Here I sit in London, on the very bottom bunk in a little hostel bedroom above a pub where last night they cleared out their taps, and we generously assisted them by drinking the free beer. Our journey has finally started—though really, it started a year ago, when we started tending the seeds of our idea for a traveling puppet show.
I cannot honestly say that I was prepared for where those seeds have taken us. I meant to be blogging more; I had all these (obviously profound) insights about the process up until now, about learning to communicate with my husband, and to respect each others’ creative visions, and to balance leading and following, and to problem-solve on the fly, and to embrace failure, and all of life’s secrets that of course I am privy to… But then doing the thing completely took over, and I had to learn those lessons again and again. That learning curve was no joke, folks. It had been a really long time—since I was a kid, probably—since I’d been so constantly bombarded by the feeling of having absolutely no idea what I was doing. That feeling of being new at something, and therefore being bad at it. Like, actively bad. Terrible, even. Suddenly it was like I was 7 years old again and not getting a concept in math class, as the unexpected just continued to happen (as the unexpected does).
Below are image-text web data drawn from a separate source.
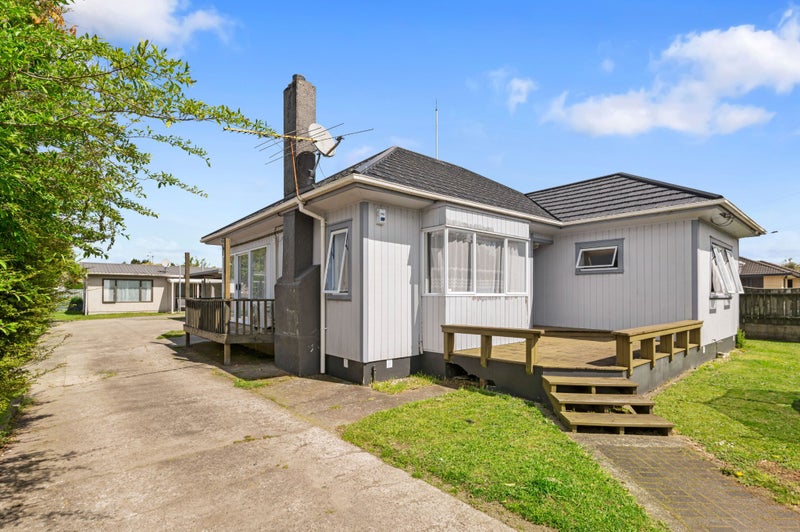 188 Malfroy Road, Utuhina, Rotorua - Carousel 1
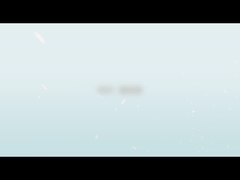 Naprawiono detektor gazu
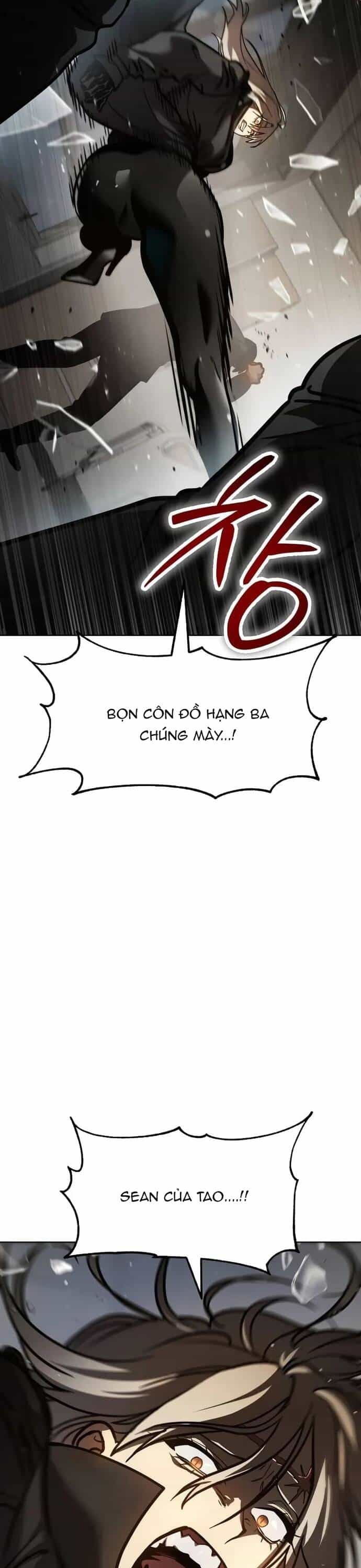 Dinh Thự Chết - Chương 10 - ảnh 47
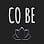 Co Be Salon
We had some 11th hour surprise challenges. A lucky “big 3” major challenges. Our lights weren’t strong enough to stand up to daylight (I mean, I GUESS the sun is powerful for good reason, but…). So, we buckled down to make extra black fabric set coverings (to give our light a little leg up), and we bought new lights, and we even made a new backup see-through “shadow” puppet screen, for the worst case scenario. Then our speaker wasn’t quite powerful enough to do justice to our (truly amazing, thank you Rachel!) music. So we searched for new speakers as well. Then we had a windy day that blew the set over and punctured a hole in our good screen. We again put our noses to the grindstone to create a new one….all in the final week leading up to moving out of our apartment, getting rid of our belongings, leaving Philly, and then leaving the USA.
All this left precious little time for rehearsal, let alone showing off the “obviously profound” insights that I gotta admit, I may have lost sight of as I tried not to panic or devolve into a crying puddle on the floor. But here we are, arrived safe and sound with our show and ourselves relatively intact, (though of course, still and always flying by the seat of our pants).
The funny thing is, I think the moment that got us here (as opposed to trapped in crying floor puddle mode) was the moment that we had “The Failure Talk”.
I was in floor puddle mode. I was overwhelmed by how much was left to do, and how behind I felt like we were. But far worse than the stress was the guilt. I was getting ready to go on this grand adventure! A honeymoon with my husband, filled with backpacking and hiking, seeing new places, meeting new people, and a fulfilling creative endeavor to boot! Friends and family have gone above and beyond to support us in this! But was I excited, thrilled for my trip, beside myself with joy? No. I was crying. Sobbing. Terrified. How self-absorbed and ungrateful is that? Stupid.
“It isn’t stupid though.” That’s what Aaron said to me. “I feel that way too. What we’re really scared of is that we’ll let people down. But here’s the thing: they’re already proud of us. If we fail, if the show and our plans all fall apart, our reputations will take a blow, sure. But it won’t be the end of everything.”
And it was true. Suddenly the thought of just throwing the show out the window no longer felt like a desperate, tempting, only-escape; it was hilarious instead. Still a little tempting, maybe. Because in a way, failure would almost be a relief. But even if we fail, we can always pick up the pieces. And no matter what, it won’t have been a waste of time. Already we’ve learned so much we didn’t know before. I know myself better. And learning how to fail is worth a lot too.
Acknowledging out loud that failure was even a possibility was a HUGE weight off my shoulders. I didn’t have to be hounded by the secret fear and shame of it. We could look it in the face instead, and say, “Okay, Failure. You might happen. That’s cool. I’m gonna do this thing anyway, and be just as glad about it, just as committed to it, even if leads me right into your arms.” Suddenly my motivation for continuing to work on the show and plan the trip was no longer about running from the negative and scary possibilities. I could be motivated by passion and excitement again. All because Failure and I made friends.
So we packed up the U-haul, got a very fitting parting gift of a $75 ticket from the Philadelphia Parking Authority, stayed with my parents for a weekend, and now we are adrift on the wind, ready to greet any and all new friends that may come.
Thusly, the honeymoon begins! Over-Ambitious? Crazy? Naive? Perhaps. Doing it anyway? Absolutely.